Since the Lucene.Net.Facet.Taxonomy.WriterCache.CompactLabelToOrdinal.HashArrays don't handle collisions, a CollisionMap is used to store the colliding labels.

This data structure grows by adding a new HashArray whenever the number of collisions in the CollisionMap exceeds Lucene.Net.Facet.Taxonomy.WriterCache.CompactLabelToOrdinal.loadFactor GetMaxOrdinal(). Growing also includes reinserting all colliding labels into the Lucene.Net.Facet.Taxonomy.WriterCache.CompactLabelToOrdinal.HashArrays to possibly reduce the number of collisions.

For setting the Lucene.Net.Facet.Taxonomy.WriterCache.CompactLabelToOrdinal.loadFactor see CompactLabelToOrdinal(Int32, Single, Int32).

This data structure has a much lower memory footprint (~30%) compared to a Java HashMap<String, Integer>. It also only uses a small fraction of objects a HashMap would use, thus limiting the GC overhead. Ingestion speed was also ~50% faster compared to a HashMap for 3M unique labels.

This is a Lucene.NET EXPERIMENTAL API, use at your own risk

LabelToOrdinal

Abstract class for storing Label->Ordinal mappings in a taxonomy.

This is a Lucene.NET EXPERIMENTAL API, use at your own risk

LruTaxonomyWriterCache

LRU ITaxonomyWriterCache - good choice for huge taxonomies.

This is a Lucene.NET EXPERIMENTAL API, use at your own risk

NameHashInt32CacheLRU

An an LRU cache of mapping from name to int. Used to cache Ordinals of category paths. It uses as key, hash of the path instead of the path. This way the cache takes less RAM, but correctness depends on assuming no collisions.

NOTE: this was NameHashIntCacheLRU in Lucene

This is a Lucene.NET EXPERIMENTAL API, use at your own risk

NameInt32CacheLRU

An an LRU cache of mapping from name to int. Used to cache Ordinals of category paths.

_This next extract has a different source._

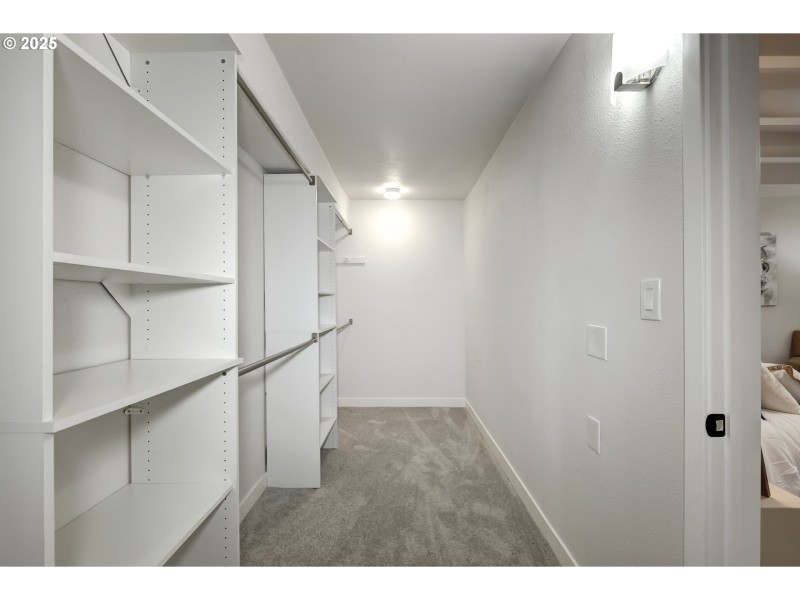 Bedroom, Primary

NOTE: This was NameIntCacheLRU in Lucene

This is a Lucene.NET EXPERIMENTAL API, use at your own risk

Interfaces

ITaxonomyWriterCache

ITaxonomyWriterCache is a relatively simple interface for a cache of category->ordinal mappings, used in ITaxonomyWriter implementations (such as DirectoryTaxonomyWriter).

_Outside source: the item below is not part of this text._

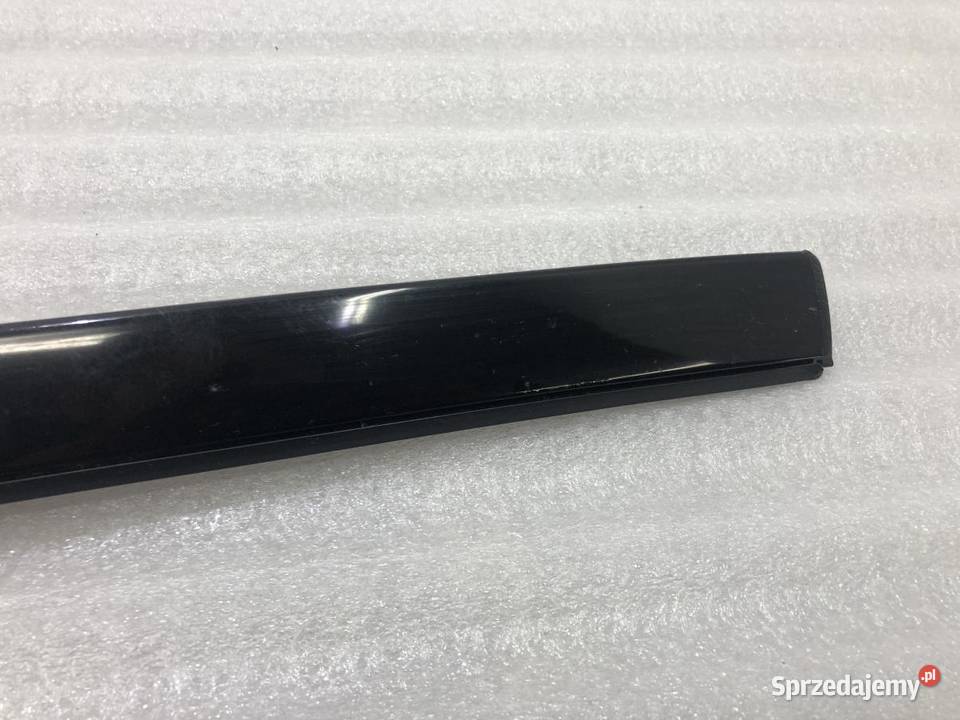 LISTWA ZGARNIAJĄCA LEWA DACIA DUSTER II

It basically has Put(FacetLabel, Int32) methods for adding a mapping, and Get(FacetLabel) for looking a mapping up the cache. The cache does not guarantee to hold everything that has been put into it, and might in fact selectively delete some of the mappings (e.g., the ones least recently used). This means that if Get(FacetLabel) returns a negative response, it does not necessarily mean that the category doesn't exist - just that it is not in the cache. The caller can only infer that the category doesn't exist if it knows the cache to be complete (because all the categories were loaded into the cache, and since then no Put(FacetLabel, Int32) returned true).

However, if it does so, it should clear out large parts of the cache at once, because the user will typically need to work hard to recover from every cache cleanup (see Put(FacetLabel, Int32)'s return value).

NOTE: the cache may be accessed concurrently by multiple threads, therefore cache implementations should take this into consideration.

This is a Lucene.NET EXPERIMENTAL API, use at your own risk

Enums

LruTaxonomyWriterCache.LRUType

Determines cache type. For guaranteed correctness - not relying on no-collisions in the hash function, LRU_STRING should be used.